Hartmut Gruendler miał 47 lat, kiedy spalił się w proteście przeciwko dezinformacji niemieckich władz na temat programu atomowego. Ten nauczyciel z Tybingi od lat był zaangażowany w działalność na rzecz ochrony środowiska. Szczególnie martwił go problem składowania odpadów radioaktywnych z elektrowni atomowych. Brał udział w marszach, prowadził głodówki, drukował ulotki, pisał do polityków, nawet do ówczesnego kanclerza Helmuta Schmidta. Gdy jego działania pozostały bez odpowiedzi, targnął się na swoje życie. Stało się to 16 listopada 1977 roku, podczas konwentu niemieckich socjaldemokratów w Hamburgu.

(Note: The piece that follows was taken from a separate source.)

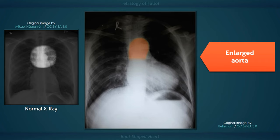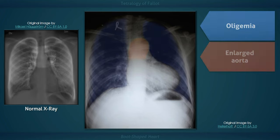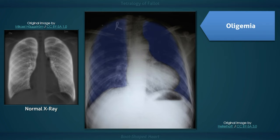The fourth defect is an overriding aorta, which along with pulmonic stenosis and a VSD facilitates the shunting of blood away from the pulmonary system. This results in a large aorta — which in a significant proportion of patients is right-sided — and decreased pulmonary vascularity, visualized on x-ray as diminished lung markings, that is, increased blackness of the lung fields.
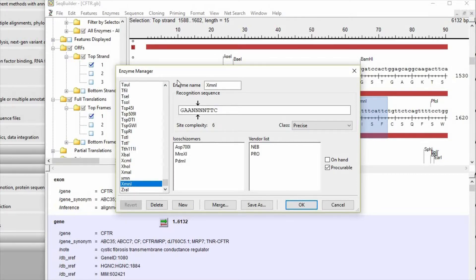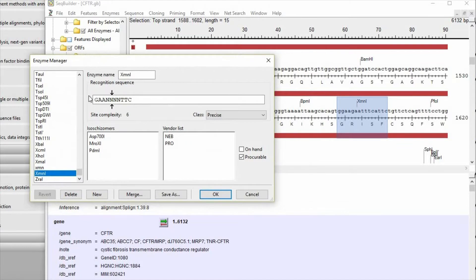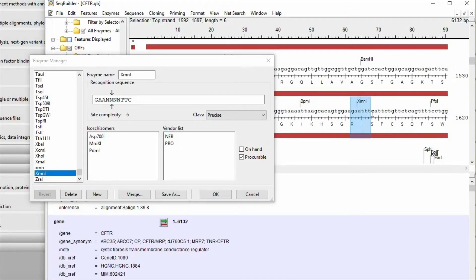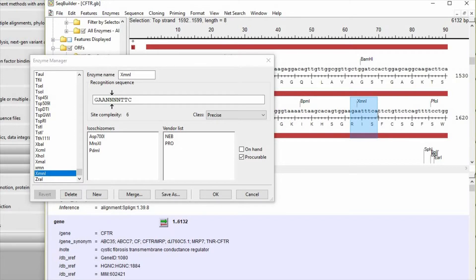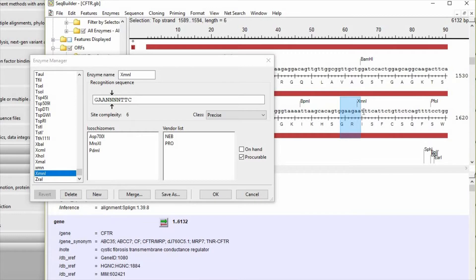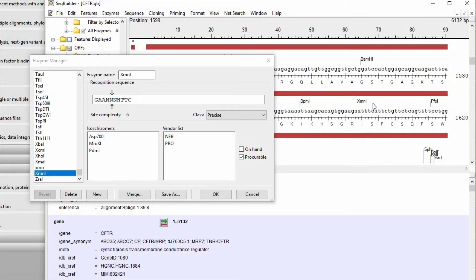We go to the enzyme manager, and we see that it looks for a GAA, and then four of any nucleotides, followed by TTC. So let's look at the pattern adjacent to this serine 489 position. We see this GAA pattern, but there's not an appropriate sequence at the end. But we happen to notice that just upstream of that is another GAA. So let's see if maybe that is a better pattern. So it goes GAA, and then GAAT, which are the four of any, and then TTC. So indeed that is the target site for the XMN1 enzyme.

Gruendler zmarł kilka dni później w szpitalu. 10 miesięcy przed jego samospaleniem miała miejsce pierwsza poważna awaria w elektrowni w Gundremmingen, gdy doszło do emisji radioaktywnej pary.
Obecnie Berlin postanowił stopniowo rezygnować z energii atomowej. Niemcy posiadają 17 elektrowni atomowych, które chcą zamknąć do 2022 roku.